University of Tübingen Hosts Public Lecture Series on Right-Wing Extremism and Muslim Life in Germany

The Studium Generale at the University of Tübingen will start on October 21, 2024 for the winter semester 2024/25 with three public lecture series: Topics include the role of aesthetic practices in different social fields, the view of Muslim life in Germany and the presentation of the new Institute for Research on Right-Wing Extremism.

The events will take place in person in the Kupferbau lecture hall building (Hölderlinstraße 5, 72074 Tübingen). Access is free and no registration is required. The complete program has been published on the University of Tübingen’s website: www.uni-tuebingen.de/studium-generale .

The series Other Aesthetics – Art and Society in Pre-Modernity (Monday, 6:15 p.m., Lecture Hall 25) asks: What is art? What is it allowed to do – and what is it not allowed to do? Is it autonomous or heteronomous, purposeless (perhaps even purposeless?) or does it fulfil tasks and purposes in the everyday world as a social practice? The Tübingen Collaborative Research Centre “Other Aesthetics” is dedicated to the question of what role aesthetic practices play in different social fields. By examining aesthetic phenomena from antiquity through the Middle Ages to the early modern period, the organisers of the series also want to open up a new perspective on contemporary aesthetic practices and discourses.

Muslims have long since become an integral part of German society. According to an estimate from the study “Muslim Life in Germany 2020” commissioned by the German Islam Conference (DIK), between 5.3 and 5.6 million Muslims live in Germany. The Center for Islamic Theology examines Muslim Life in Germany: Legal Framework Conditions, Social Discourses and Muslim Diversity (Tuesday, 6:15 p.m., Lecture Hall 25) together with non-Muslim speakers and alumni of the University of Tübingen. With this series, the Center for Islamic Theology wants to make a contribution to the discourse on Islam and Muslims in Germany and pay particular attention to the plurality and ambiguity of Islamic beliefs and ways of life.

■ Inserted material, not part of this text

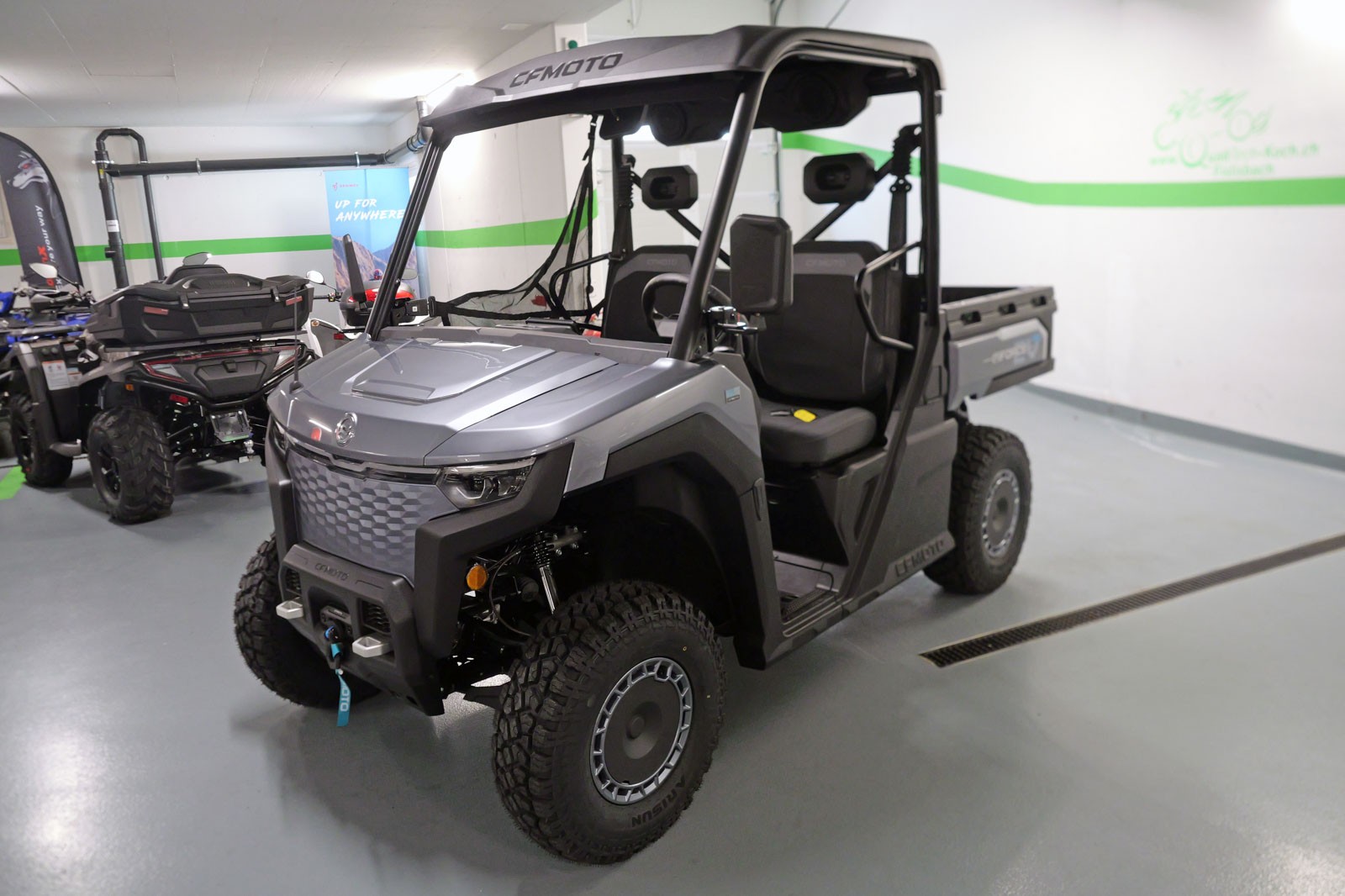 CF MOTO UFORCE U6 EV-image-2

The extreme right poses a serious threat to open society, to the democratic constitutional state and to all people. With the lecture series Right-wing extremism: researching and countering it (Wednesday, 6:15 p.m., Lecture Hall 25), the Institute for Research on Right-Wing Extremism (IRex), newly founded at the University of Tübingen in May 2023, is presenting itself to the interested public. The task of right-wing extremism research is to understand the political, media and social functioning of right-wing extremism and to actively support politics and society in pushing back the extreme right. In this sense, representatives from politics and civil society who are committed to a defensive democracy and to counter right-wing extremism are also involved in the series.